Run through countryside to support mega-quarry fight 0
HONEYWOOD -- The grassroots movement to halt a proposed mega quarry in Melancthon Township is holding a top-caliber sporting event to raise money this summer.
All profits will go towards the North Dufferin Agricultural and Community Taskforce (NDACT) to help pay for scientific studies, legal fees and other expenses.
Veteran race organizer Maria Burton, a logistics supervisor at the Vancouver Olympics and world-class adventure racer, is spearheading the first annual STOMP the MEGA QUARRY event.
"The land around the proposed mega-quarry is some of the most beautiful in Ontario, what with high rolling hills, water everywhere and rich farmland," says Burton, who is based in Rosemont, Ontario. "Getting people to come experience that firsthand is a powerful way of creating a much deeper connection with an issue that many identify with, but have not yet connected on a personal level."
The Saturday, July 28th run/bike/walk event, open to all ages and abilities, is expected to draw a great number of supporters and sporting enthusiasts.
"We're aiming for 2,500 participants," says Burton, "but given the success of FOODSTOCK last October, we may exceed that number. Either way we're ready and it's bound to be a great event."
STOMP the MEGA QUARRY registration includes a donation to NDACT, with entries costing between $25 for children and $110 for the full marathon. Pledge forms are available at www.ndact.comand those who register and raise
$200 or more in sponsorships can participate for free.
STOMP the MEGA QUARRY will form part of the 47th annual Honeywood summer celebration.
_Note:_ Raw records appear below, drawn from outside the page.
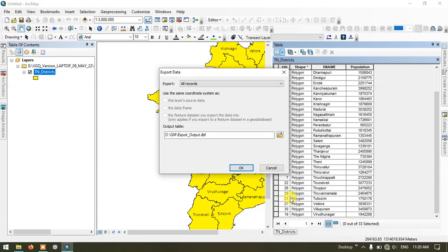Once you have selected export you can specify the output location by choosing the browse button.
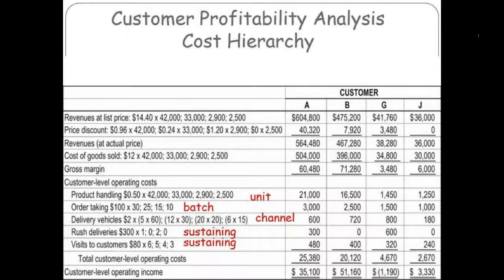You then have specific customer-level operating expenses that you can now allocate to your customers. Product handling costs: 50 cents per unit sold, and you know your units sold per customer, so you can allocate a cost. Orders cost $100 per batch — you know the number of batches per customer. Vehicles, I forget what the allocation basis is there, but it's channel-based.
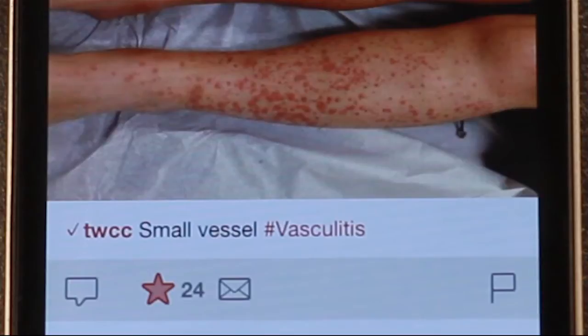If a comment or photo is deemed inappropriate or compromises the patient's identity, it can be flagged for removal.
Race entry includes a T-shirt and post-race barbecue meal prior to the classic Honeywood Beef Barbecue taking place later in the evening.
Routes for the 5 km, 10 km, half marathon and marathon races are mapped out and take full advantage of the area's rolling landscape and scenic vistas.
In 2011, the Highland Companies-- backed by Boston hedge fund Baupost Group -applied for a license to excavate the largest quarry in the country. It would span 2,316 acres north of Orangeville, an area that includes a significant amount of Class 1 farmland.
In just over a year, the Stop the Mega Quarry movement has blossomed from a core group of farmers and residents from Melancthon Township to the Ontario Legislature, as a growing number of people raise concerns about the impact the proposed mega quarry would have on water, farmland and the environment. "We've united country and city on this critical issue," says rancher Carl Cosack, Chairman of NDACT. "This is a big issue, now backed by a big movement."